L’Asie du Sud en retard sur le terrain de l’éducation des femmes (source Grant Northon International Business Report 2014)« Le milieu des affaires n’a guère de choix. C’est pourquoi les femmes sont plus les bienvenues dans les postes à hautes responsabilités que par le passé »
analyse Tidarat Kanchanawat, directrice régionale Thaïlande/Vietnam pour Adecco.
Le nombre croissant de femmes réalisant des études supérieures en Asie du Sud-est explique en partie ce phénomène. Dans cette partie du monde on compte en moyenne, 74 femmes pour 100 hommes dans les universités. Une progression de 37% depuis 1980 même si la proportion reste relativement faible à l’échelle de la planète. En Thaïlande l’effort est très marqué, le royaume investissant l’équivalent de près de 175 millions d’euros sur 4 ans dans un fond de développement pour les femmes (lequel a toutefois été vivement critiqué pour sa gestion et ses gaspillages).
Une dynamique enclenchée depuis un demi-siècle
L’amélioration de la position de la femme sur le marché de l’emploi thaïlandais a réellement débutée dans les années 1960, date à laquelle le pays est entré dans une phase d’industrialisation. Cette mutation lente du pays a eu deux impacts majeurs.
D’une part une augmentation progressive du nombre de femmes sur le marché de l’emploi avec à la clé une évolution des mentalités. En 2003, elles représentaient 43,5% des personnes actives ; en 2011, cette proportion est passée à 45%. A l’horizon 2020, le pays devrait compter une proportion égale d’hommes et de femmes dans la population active.
La modernisation du pays a aussi permis une migration des femmes des métiers traditionnels de l’agriculture vers les métiers des services ou encore de l’industrie. En 1980, 75% des femmes actives travaillaient dans le secteur agricole, 30 ans plus tard ce secteur n’emploie plus que 40% d’entre elles. Les services (bancaire, hospitalier..) sont très favorables à l’emploi des femmes avec plus de 40% des thaïlandaises actives dans ces secteur contre seulement 10% dans l’industrie.
Une situation à deux vitesses
Malgré une nette amélioration statistique de l’emploi des femmes dans le royaume et de leurs conditions, une forte disparité ville/campagne demeure. Alors que dans les centres urbains le secteur des services représente 70-80% des emplois des femmes, il est important de rappeler que le pays compte plus de 60% de sa population vivant en zone rurale. Dans les campagnes les femmes demeurent souvent employées dans le secteur agricole en l’absence d’autres possibilités. Les campagnes restent aussi relativement ancrées dans la tradition, les femmes occupant donc des rôles plus « classiques » (élever les enfants, travaux domestiques), ce qui ne leur coupe souvent l’accès aux emplois.

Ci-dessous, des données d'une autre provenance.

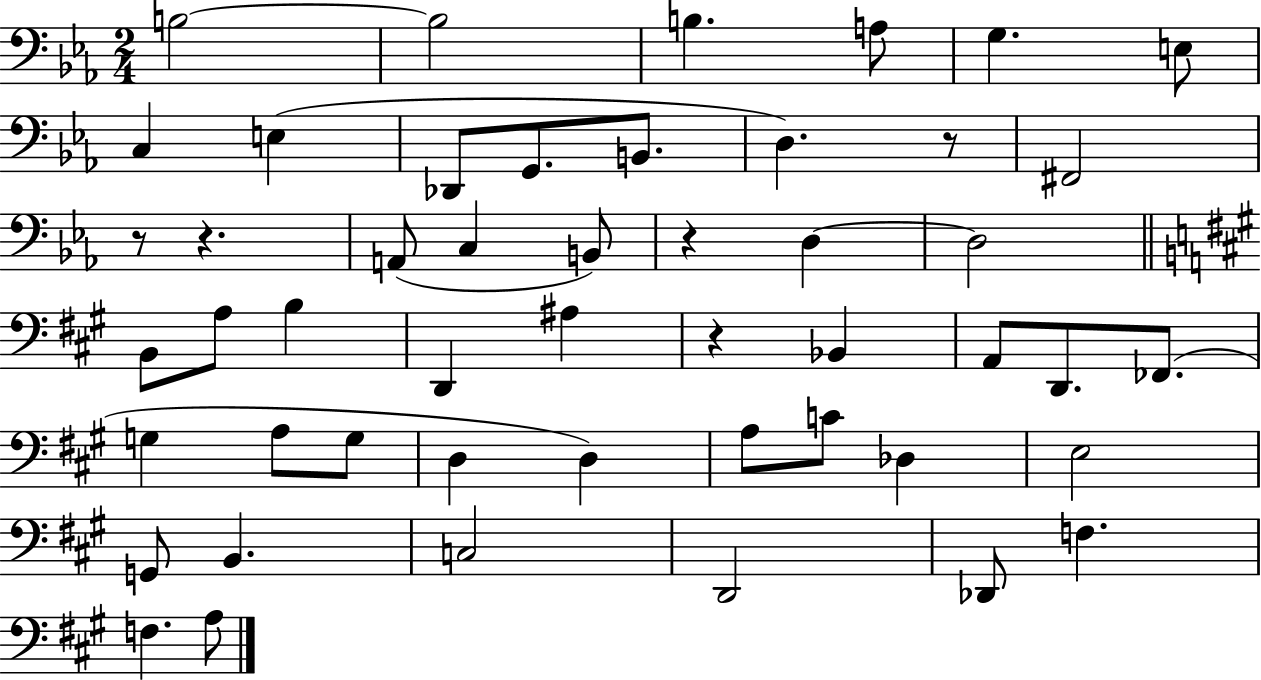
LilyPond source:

{
  \clef bass
  \numericTimeSignature
  \time 2/4
  \key ees \major
  \repeat volta 2 { b2~~ | b2 | b4. a8 | g4. e8 | \break c4 e4( | des,8 g,8. b,8. | d4.) r8 | fis,2 | \break r8 r4. | a,8( c4 b,8) | r4 d4~~ | d2 | \break \bar "||" \break \key a \major b,8 a8 b4 | d,4 ais4 | r4 bes,4 | a,8 d,8. fes,8.( | \break g4 a8 g8 | d4 d4) | a8 c'8 des4 | e2 | \break g,8 b,4. | c2 | d,2 | des,8 f4. | \break f4. a8 | } \bar "|."
}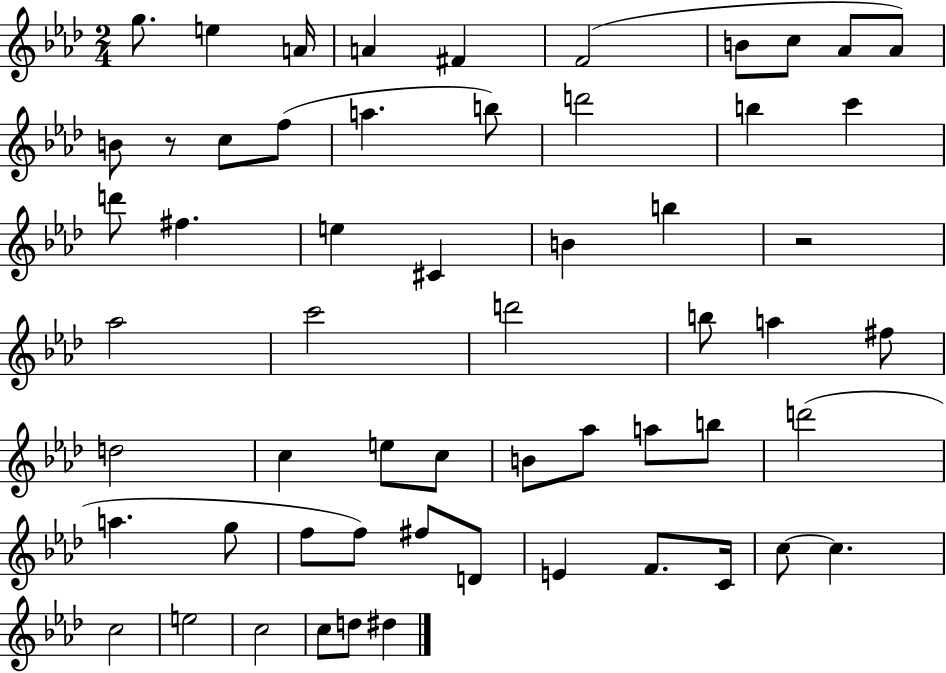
{
  \clef treble
  \numericTimeSignature
  \time 2/4
  \key aes \major
  \repeat volta 2 { g''8. e''4 a'16 | a'4 fis'4 | f'2( | b'8 c''8 aes'8 aes'8) | \break b'8 r8 c''8 f''8( | a''4. b''8) | d'''2 | b''4 c'''4 | \break d'''8 fis''4. | e''4 cis'4 | b'4 b''4 | r2 | \break aes''2 | c'''2 | d'''2 | b''8 a''4 fis''8 | \break d''2 | c''4 e''8 c''8 | b'8 aes''8 a''8 b''8 | d'''2( | \break a''4. g''8 | f''8 f''8) fis''8 d'8 | e'4 f'8. c'16 | c''8~~ c''4. | \break c''2 | e''2 | c''2 | c''8 d''8 dis''4 | \break } \bar "|."
}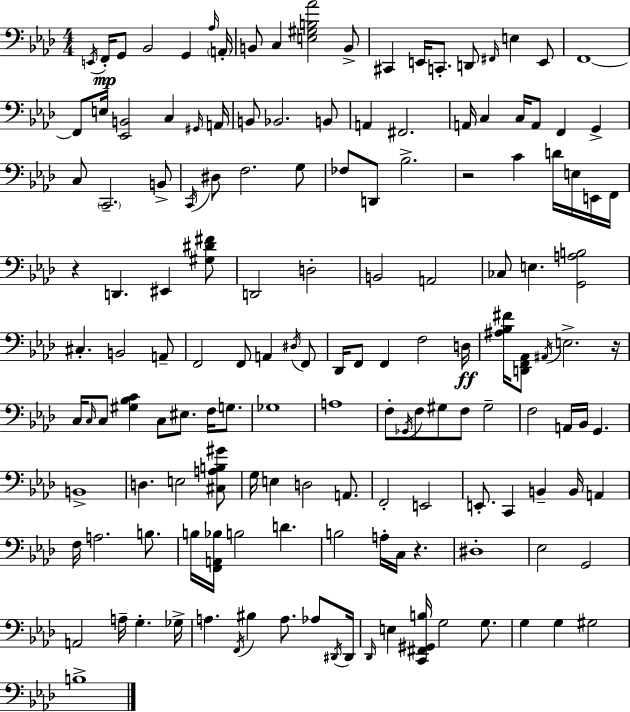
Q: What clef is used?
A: bass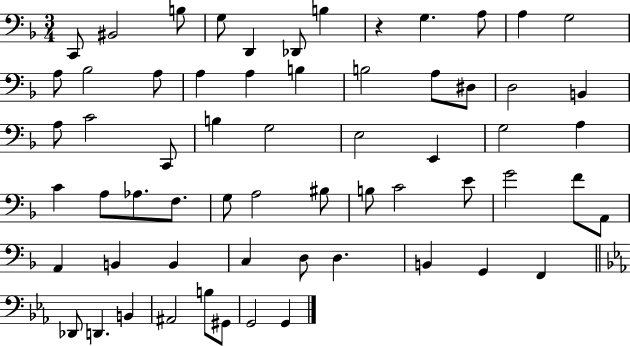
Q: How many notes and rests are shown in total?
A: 62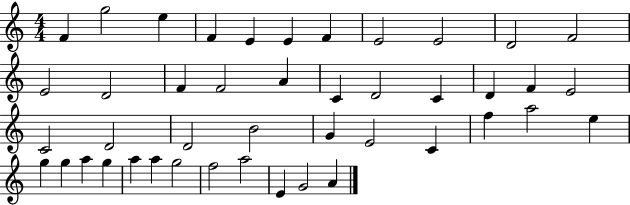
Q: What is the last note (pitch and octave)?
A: A4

Dans les villes, même si les femmes ont plus d’opportunité dans les entreprises que par le passé, une discrimination sexuelle à l’embauche demeure. Elles doivent donc faire preuve davantage de sacrifices que leurs homologues masculins.
« Prenons l’exemple d’un homme et d’une femme en compétition pour un poste de direction. S’ils ont tous deux des qualifications similaires, l’homme est favori. Mais si la femme est plus qualifiée et prouve qu’elle peut travailler dans n’importe quelles conditions, alors elle peut aussi avoir le poste » constate Tidarat Kanchanawat.

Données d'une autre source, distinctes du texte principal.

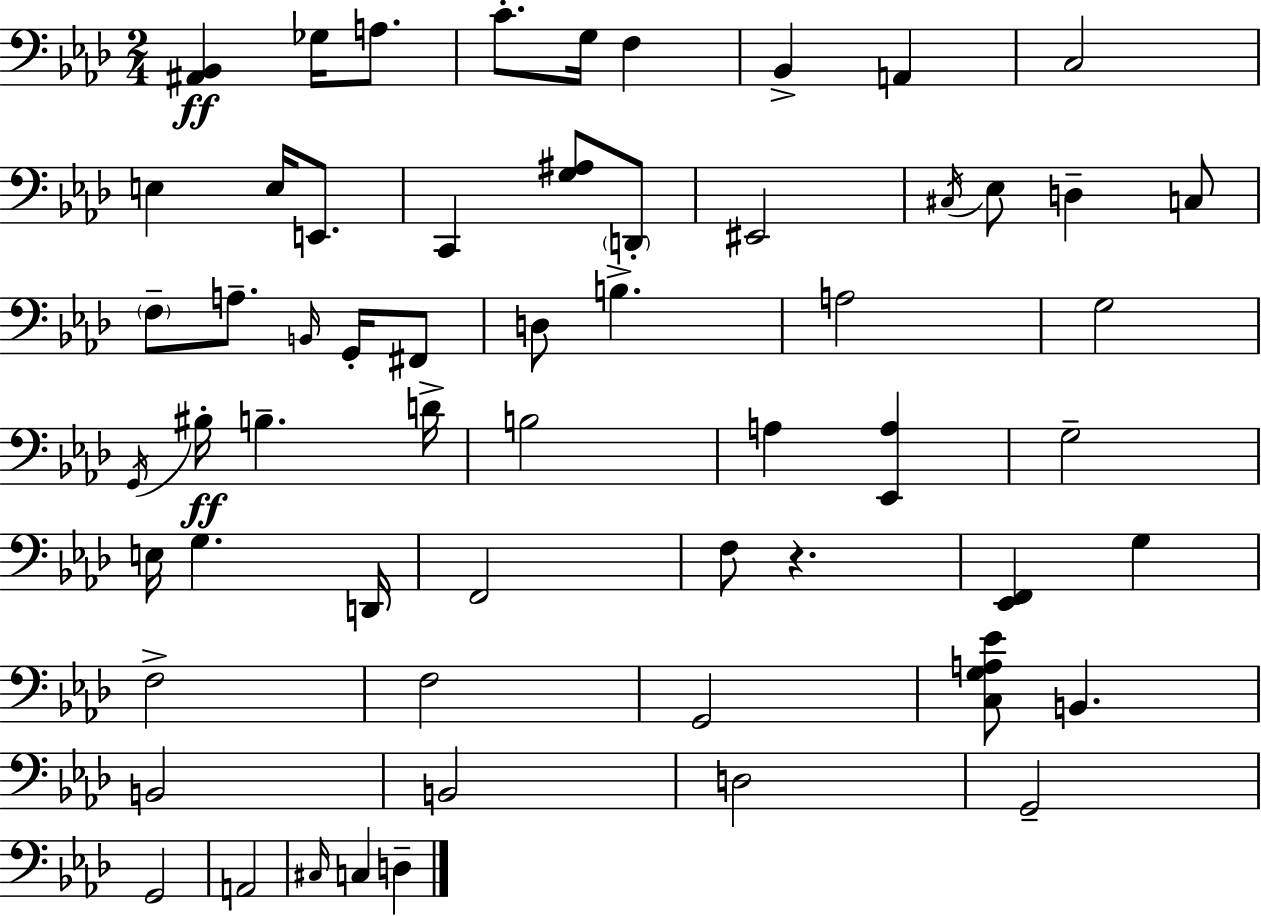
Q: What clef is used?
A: bass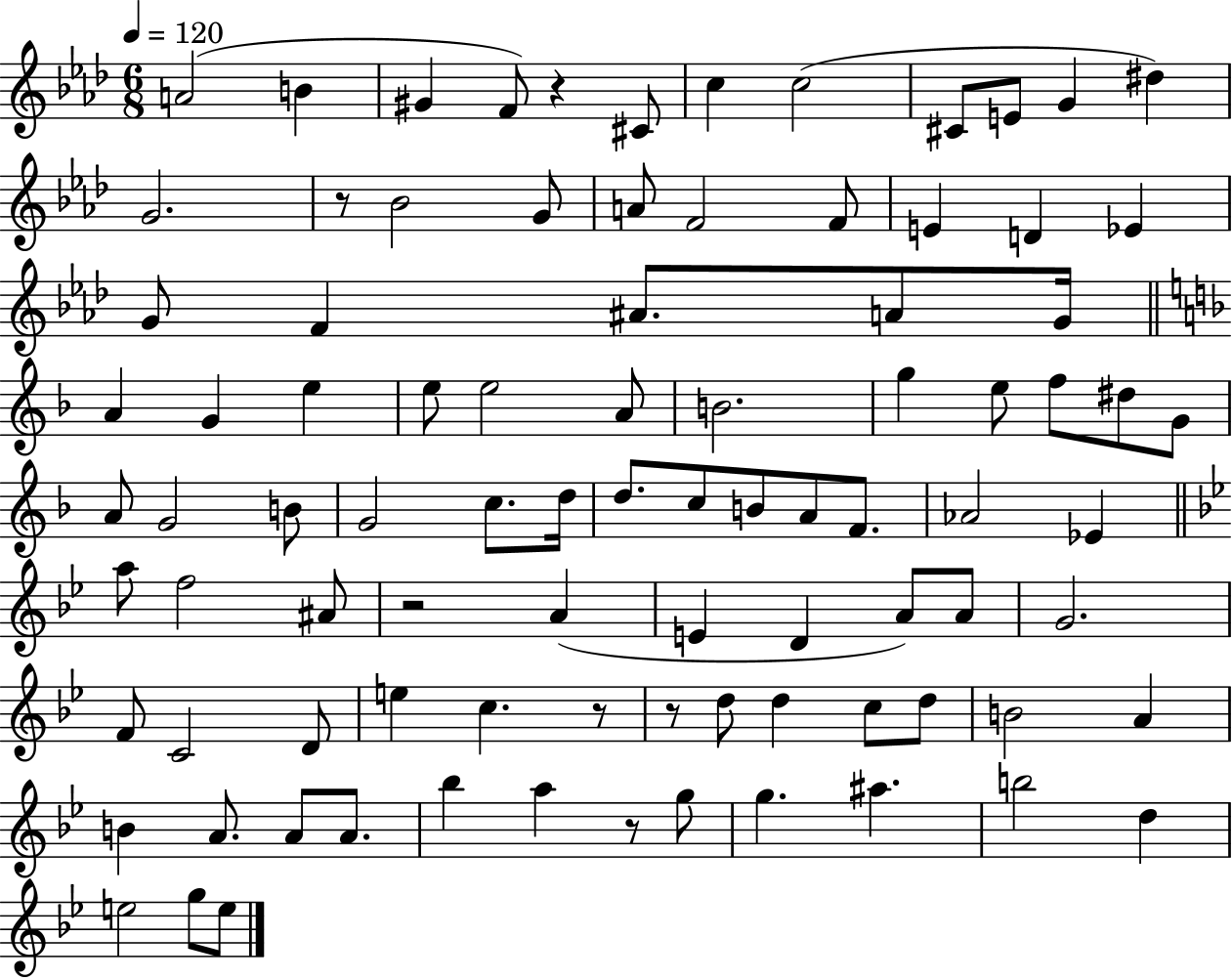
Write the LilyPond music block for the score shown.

{
  \clef treble
  \numericTimeSignature
  \time 6/8
  \key aes \major
  \tempo 4 = 120
  \repeat volta 2 { a'2( b'4 | gis'4 f'8) r4 cis'8 | c''4 c''2( | cis'8 e'8 g'4 dis''4) | \break g'2. | r8 bes'2 g'8 | a'8 f'2 f'8 | e'4 d'4 ees'4 | \break g'8 f'4 ais'8. a'8 g'16 | \bar "||" \break \key d \minor a'4 g'4 e''4 | e''8 e''2 a'8 | b'2. | g''4 e''8 f''8 dis''8 g'8 | \break a'8 g'2 b'8 | g'2 c''8. d''16 | d''8. c''8 b'8 a'8 f'8. | aes'2 ees'4 | \break \bar "||" \break \key bes \major a''8 f''2 ais'8 | r2 a'4( | e'4 d'4 a'8) a'8 | g'2. | \break f'8 c'2 d'8 | e''4 c''4. r8 | r8 d''8 d''4 c''8 d''8 | b'2 a'4 | \break b'4 a'8. a'8 a'8. | bes''4 a''4 r8 g''8 | g''4. ais''4. | b''2 d''4 | \break e''2 g''8 e''8 | } \bar "|."
}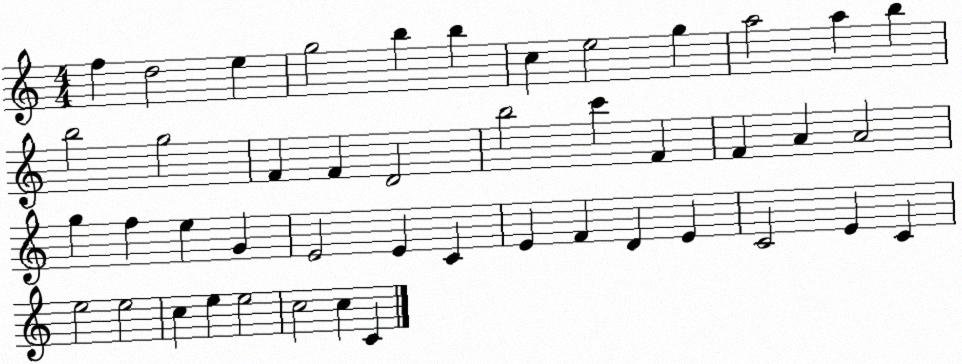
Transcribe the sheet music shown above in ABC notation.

X:1
T:Untitled
M:4/4
L:1/4
K:C
f d2 e g2 b b c e2 g a2 a b b2 g2 F F D2 b2 c' F F A A2 g f e G E2 E C E F D E C2 E C e2 e2 c e e2 c2 c C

Avec une place dans le Top 10 mondial en ce qui concerne la proportion de femmes dans des postes à responsabilité, la Thaïlande peut légitimement être fière. L’évolution douce mais sûre de la situation est le signe d’une modernisation de la culture du pays. Mais d’importantes disparités dans le domaine demeurent et avec 60% d’emplois informels (non déclarés) dans le royaume, les statistiques ne saisissent malheureusement qu’une partie réduite de la réalité du pays.